Jayne, 69, who was sentenced in 1998 to 2 years in federal prison for selling cocaine at Northwestern Stables, was free on $500,000 bond. The judge has refused to allow any testimony about Jayne's conviction.

In June, a deadlocked jury that had deliberated for nearly 16 hours forced Howard to declare a mistrial on the arson charge.

Rose said Thursday that while Hunter set the blaze, "I was to be watching and to be sure that nobody else was watching."

At first she became upset with Jayne, but felt obligated to carry out the plan, she said. "I thought it was crazy, and the other barn (a main barn nearby where horses were kept) was going to burn, and all the horses would die," Rose said. But "I had to do what I was told."

When the fire was set, she watched Hunter run from the barn, which she said quickly burst into flames.

"It was a huge fireball of flames," Rose said. "It puffed pretty quick. It was scary."

Immediately, she called Jayne at his home and woke up the few workers who had been living at the stables, she said. When Jayne arrived at the scene, he approached Rose, who had been leading dozens of horses from the main barn into a safe area on the grounds, she said.

"I was screaming mad because I thought all the horses were going to get hurt," Rose said.

Jayne told her to "shut up," and to not discuss the fire with anyone and leave the area.

Jayne's former wife, Kathy Rheume, along with other witnesses who have taken the stand for the prosecution in both trials, said Wednesday that she first started to notice business at the 5 acre equestrian ranch tumble in the early 1980s.

Like Rose, Rheume alluded to Jayne's continual cocaine use as being a possible reason for his waning interest in the stables.

Rheume said Hunter had volunteered to set the fire.

"Michael said, 'Yes, boss, I've done things before,'" Rheume recalled in her testimony.

On cross-examination she admitted telling a federal agent that Hunter said, "Let me do it. I can do it.
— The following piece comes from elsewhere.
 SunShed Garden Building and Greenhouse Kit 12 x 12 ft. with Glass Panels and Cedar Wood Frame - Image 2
I know how to do it."

Jayne later told her that Hunter had "asked for help" in setting the blaze, she said.

Prosecutors have said Jayne had arranged to have the bulldozer on the scene even before the fire started so he could clear evidence of the arson as soon as possible.

Prosecutors said Jayne collected more than $68,000 in insurance for the barn, and $20,000 for the pickup truck and the trailer.
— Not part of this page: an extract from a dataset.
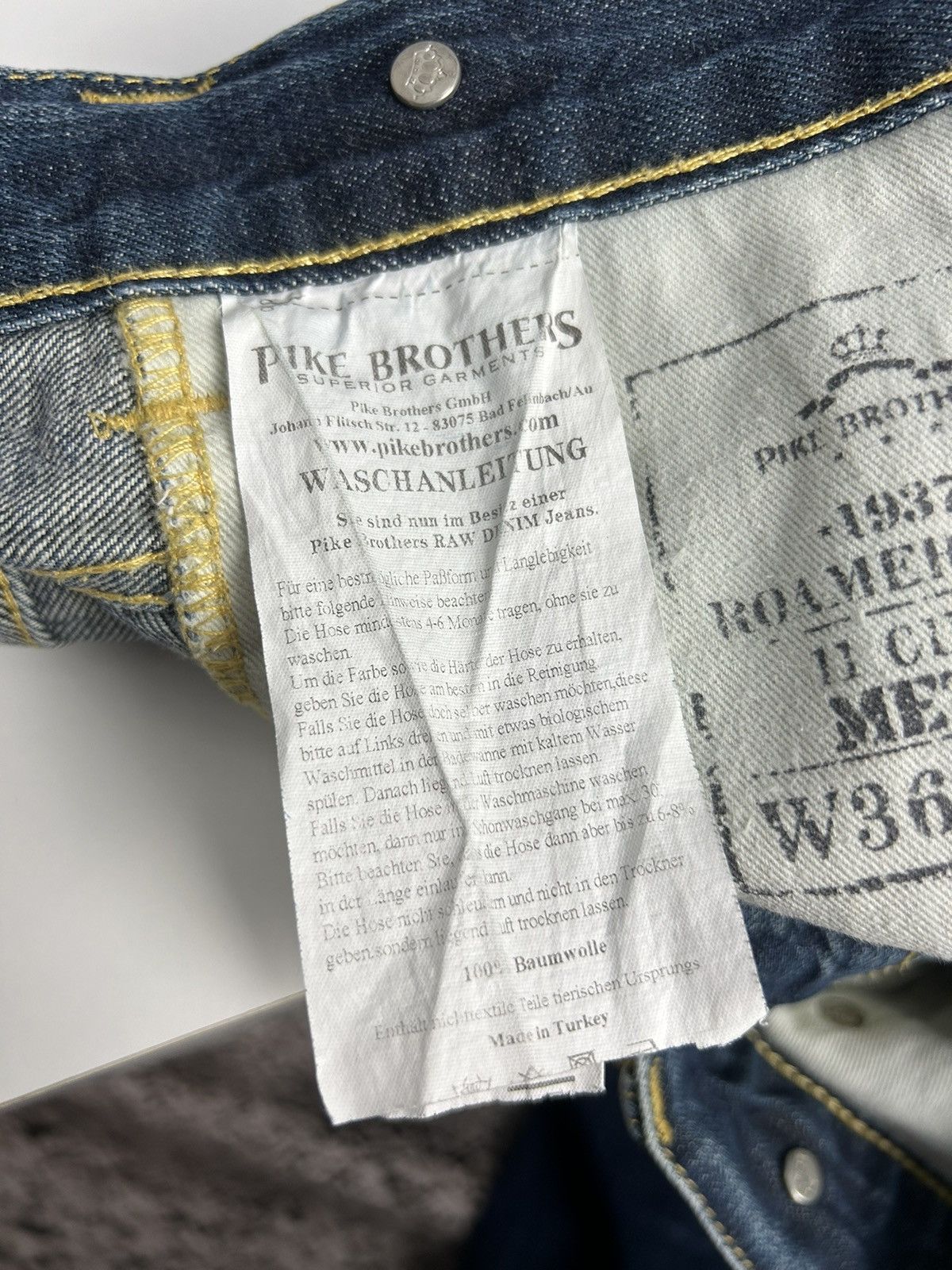 Pike Brothers Pike Brothers Roamer Selvedge Denim W36 L38 Waist Adjuster Size US 36 / EU 52 - 19 Thumbnail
Prosecutors have also said Jayne reported a loss of more than $100,000 the year of the fire and told an insurance agent he made between $100,000 and $150,000 in 1984.

Hunter agreed to tell authorities what he knew about the 1984 blaze after his 1996 release from federal prison, where he served time for mail fraud.

Rose, also convicted on federal mail fraud charges, agreed to cooperate with investigators in 1994 in exchange for not being sent to prison.

Jayne was a nephew of the late horseman Silas Jayne, who served 7 years in prison for a 1970s conviction of conspiring to murder his brother George Jayne, a horse-breeding rival.

In October 2002, Du Page County authorities announced that Jayne and a former business partner, Charles Sundstrom, of Wonder Lake, had been indicted in a June 17, 1980, fire that destroyed Jayne's frame home in Bartlett. Jayne received $85,900 in insurance from the fire, according to news reports.

Prosecutors rested their case Thursday afternoon, shortly after jurors heard testimony from Angelo Zito, a former investigator for the State Fire Marshal's office, who testified that Jayne told him at the scene that the barn was not insured.

Defense attorney Robert Will called his first witness, Judy Lefferdink, whose daughter, Amy, rode a pony housed at the stables.

The day before the fire, she described a horse show she and her daughter attended with Hunter and other employees from the stables. She said after the show she noticed Hunter drinking at a restaurant bar and refused to let her daughter ride home with him because she felt he was drunk.

The judge recessed trial for the day at 4:40 p.m., when Lefferdink's testimony concluded.

Trial was scheduled to resume at 9 a.m. Friday, when Will said he expected Jayne to take the stand. Outside of the jury's presence, attorneys told the judge they expected to be ready to present their closing arguments Monday.